Do you prefer to cook alone, or with friends and family? I really like the idea of cooking with friends and family, and with a few select people it can work out, but I think I am best suited to cooking alone. I often like things done a particular way, and our tiny Manhattan kitchen can make it all a little too cozy unless you are really comfortable with your cooking partner. But when it does work it’s wonderful. And I always like someone to check the seasoning.
What's your favorite thing to make? I love making pizza. And ice cream. They are easy once you’ve got down a good basic recipe (dough, custard) and then you can tinker around endlessly with the toppings and flavours. And some delicious combinations have happened by chance because of ingredients I happened to have in the house, like whiskey and stem ginger ice cream.
I also love making curry. It’s such a different set of ingredients than I usually use, and it is incredibly comforting to have a pot stewing on the stove. It reminds me of home---my mum cooks great lentil curries, and Manchester’s famous Curry Mile is down the road from where I grew up---and of traveling in India with my best friend. We spent a day in Udaipur learning to cook, making real chai tea with whole cinnamon sticks and cardamom pods, vegetable curry with the Chunky Chat masala the local's swore by, and chapatis.
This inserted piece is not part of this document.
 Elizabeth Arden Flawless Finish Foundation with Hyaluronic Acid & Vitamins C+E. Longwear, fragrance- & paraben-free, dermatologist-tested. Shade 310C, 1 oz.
If you had to choose one cuisine to eat for the rest of your life, which would it be? Probably Italian---you just can’t beat a big bowl of pasta and cheese. And pizza, of course. And gelato.
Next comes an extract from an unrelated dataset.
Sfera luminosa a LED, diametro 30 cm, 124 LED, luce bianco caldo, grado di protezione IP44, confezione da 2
What recipe, cuisine or technique scares the crap out of you? I was vegetarian from the age of 10 until just after I left university, so my formative years as a cook were meatless ones and I never really learned how to cook meat or fish. I am still intimidated by recipes that require elaborate (frankly, often even embarrassingly basic) techniques. And I am not really much help when it comes to preparing my husband’s annual clambake birthday dinner (another quintessentially American meal)---sure, I can peel potatoes and shuck corn, but I am helpless in the face of 10 live lobsters that need a sharp knife to the head. I just tend to shout words of encouragement from the other side of the room (specifically, "Go, Meg, you can do it!").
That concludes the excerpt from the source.